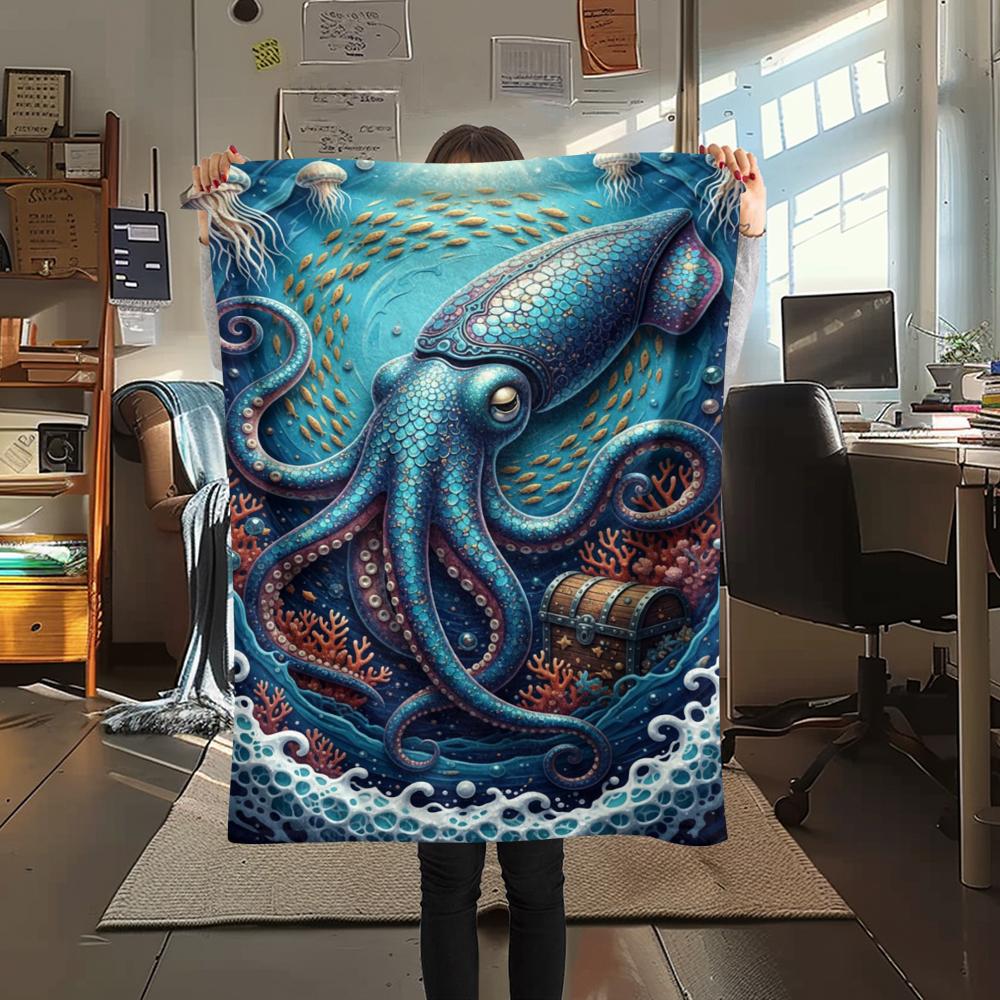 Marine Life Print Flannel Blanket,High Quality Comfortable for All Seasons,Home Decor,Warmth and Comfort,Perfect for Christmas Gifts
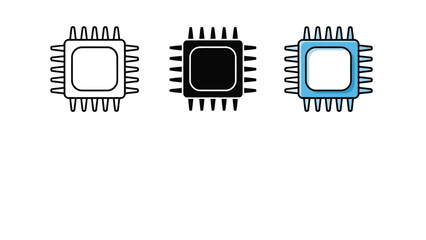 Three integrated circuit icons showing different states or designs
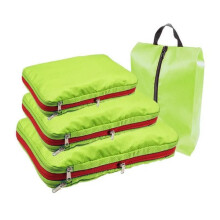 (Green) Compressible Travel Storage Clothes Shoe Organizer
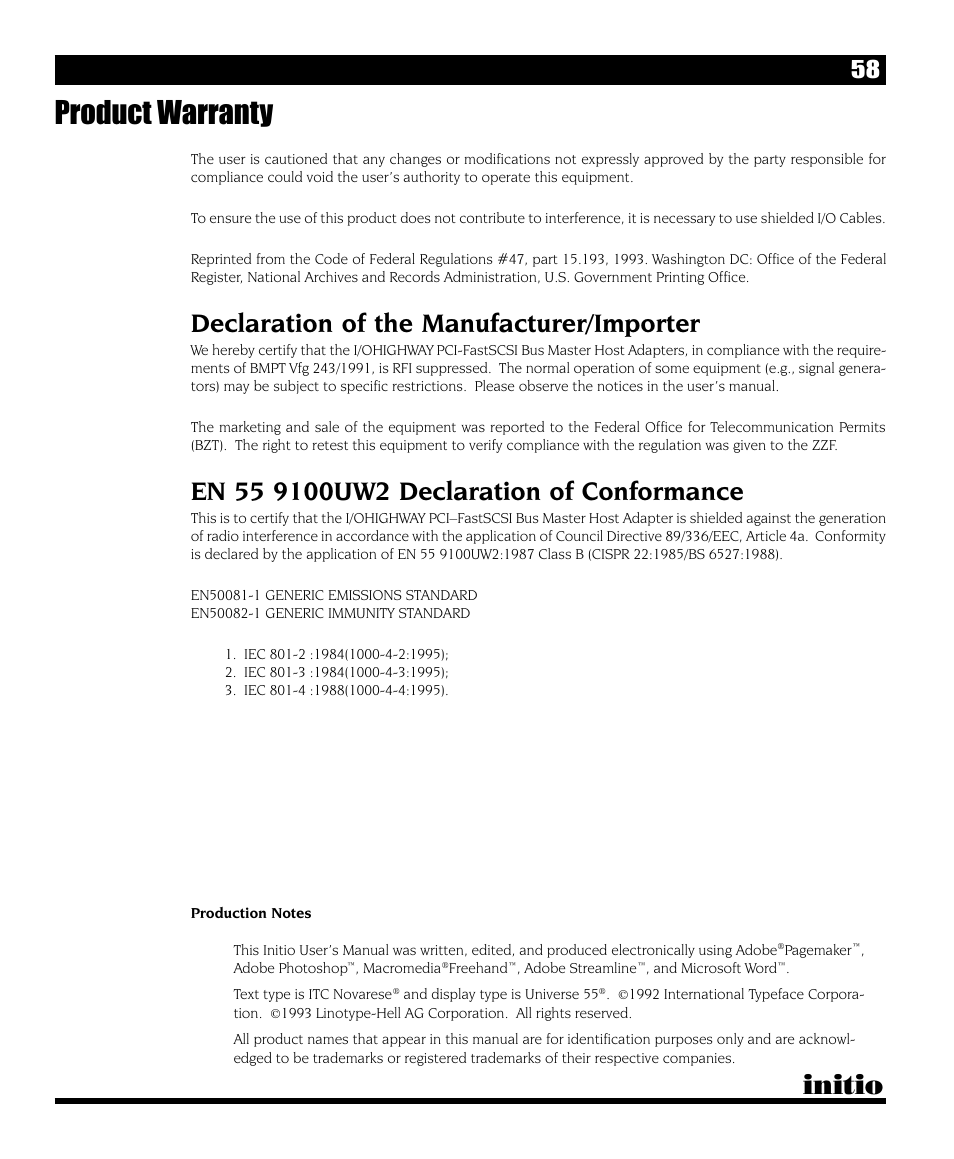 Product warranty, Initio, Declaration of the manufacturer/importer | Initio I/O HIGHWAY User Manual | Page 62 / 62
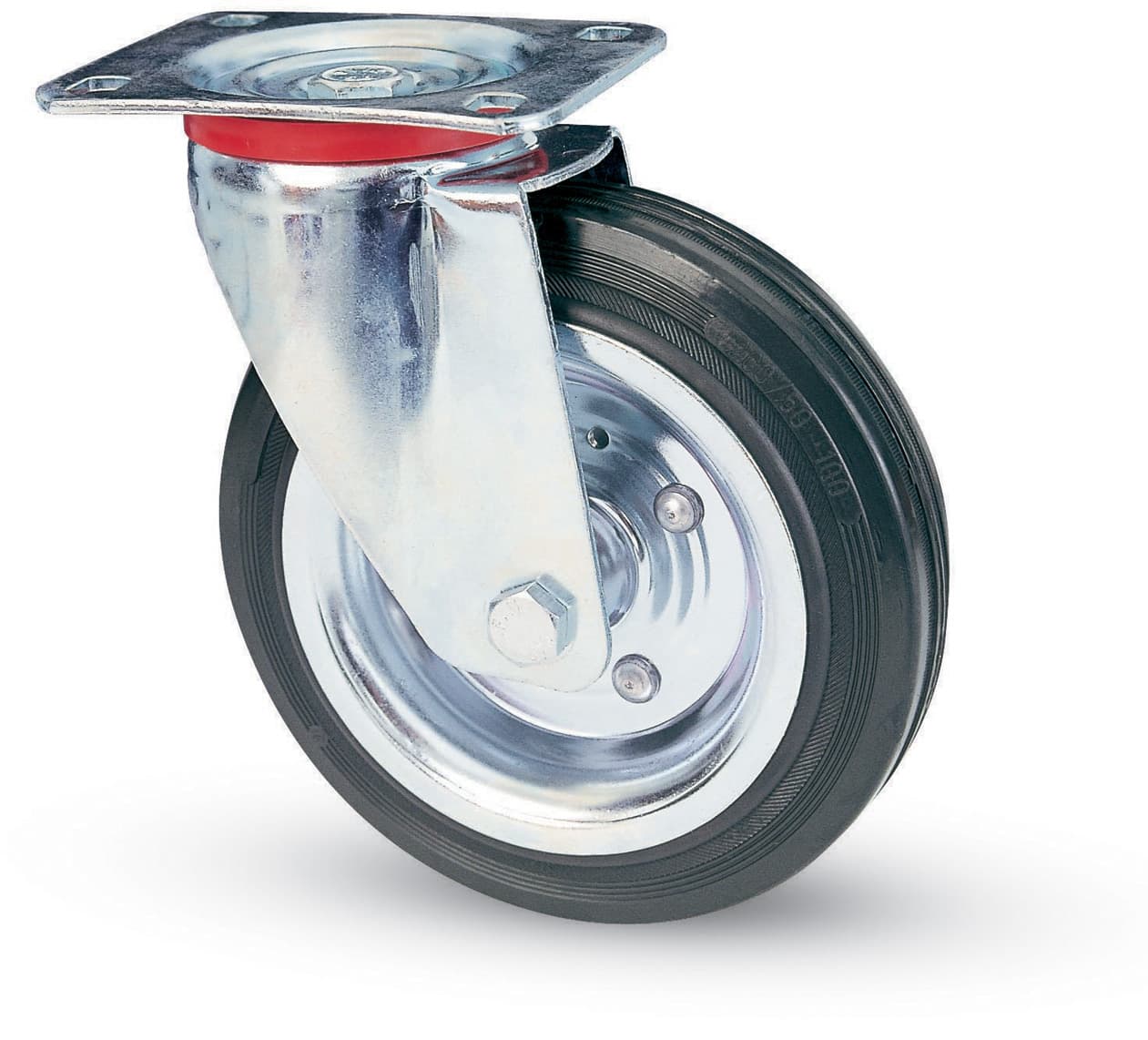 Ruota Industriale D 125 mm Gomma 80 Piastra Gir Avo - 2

**Work task:** Word for word, repeat the material above and drop the pictures.

**Your response:**
 Marine Life Print Flannel Blanket,High Quality Comfortable for All Seasons,Home Decor,Warmth and Comfort,Perfect for Christmas Gifts
 Three integrated circuit icons showing different states or designs
 (Green) Compressible Travel Storage Clothes Shoe Organizer
 Product warranty, Initio, Declaration of the manufacturer/importer | Initio I/O HIGHWAY User Manual | Page 62 / 62
 Ruota Industriale D 125 mm Gomma 80 Piastra Gir Avo - 2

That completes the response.